729793

Surfen per Infrarot-Verbindung

16.02.2007 | 10:41 Uhr |

Ihr Notebook und Ihr Nokia-Mobiltelefon sind beide mit Infrarot-Sender und Empfänger ausgestattet. Mit dem Handy können Sie über GPRS (General Packet Radio Service) eine Internet-Verbindung aufbauen, die Sie auch auf dem Notebook nutzen möchten. Unter Windows XP sollte das funktionieren – aber es klappt nicht. Wir zeigen Ihnen, wie Sie dieses Problem lösen können.

Anforderung:

Fortgeschrittener

Zeitaufwand:

Mittel

Problem:

Ihr Notebook und Ihr Nokia-Mobiltelefon sind beide mit Infrarot-Sender und Empfänger ausgestattet. Mit dem Handy können Sie über GPRS (General Packet Radio Service) eine Internet-Verbindung aufbauen, die Sie auch auf dem Notebook nutzen möchten. Unter Windows XP sollte das funktionieren – aber es klappt nicht.

Lösung:

Windows XP SP 2 besitzt zwar die Fähigkeit, über Infrarot-Geräte zu kommunizieren.
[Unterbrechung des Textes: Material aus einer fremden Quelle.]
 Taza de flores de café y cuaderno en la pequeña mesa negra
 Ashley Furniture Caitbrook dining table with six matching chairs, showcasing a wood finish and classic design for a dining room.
Damit Sie aber eine Internet-Verbindung aufbauen können, sollen Sie zuerst in der Systemsteuerung ein Modem hinzufügen und dieses mit dem virtuellen COM-Port des Infrarot-Adapters verbinden (bei Notebooks meist COM2). Das funktioniert allerdings nur mit Handys, die Modem-Befehle verarbeiten können – und das ist bei Nokia in der Regel nicht der Fall. Der Hersteller bietet allerdings mit der Nokia PC Suite ein kostenloses Software-Paket an, das die nötigen Treiber und Anwendungen für die Kommunikation zwischen den meisten Nokia-Handys und dem PC enthält.(Ob Ihr Handy unterstützt wird, erfahren Sie auf dieser Seite .)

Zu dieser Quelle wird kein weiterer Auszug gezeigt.